**What you have to do**:
Write out the lines below exactly, beginning at the one with "As you can see" and stopping after the one with "And the final"; the pictures are not copied.

**Supplied material**:
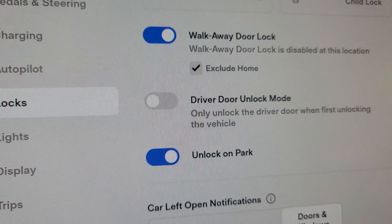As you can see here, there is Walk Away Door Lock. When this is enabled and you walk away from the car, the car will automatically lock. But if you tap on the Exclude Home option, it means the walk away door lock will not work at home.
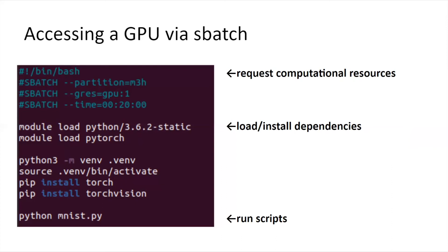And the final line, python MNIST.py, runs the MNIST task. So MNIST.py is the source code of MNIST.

* * *

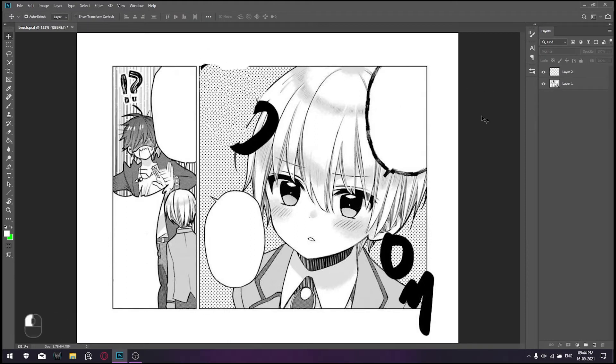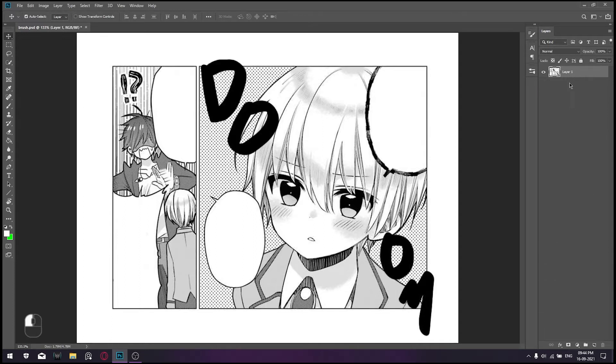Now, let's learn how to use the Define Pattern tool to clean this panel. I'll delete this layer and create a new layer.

**Solved problem**:
As you can see here, there is Walk Away Door Lock. When this is enabled and you walk away from the car, the car will automatically lock. But if you tap on the Exclude Home option, it means the walk away door lock will not work at home.
And the final line, python MNIST.py, runs the MNIST task. So MNIST.py is the source code of MNIST.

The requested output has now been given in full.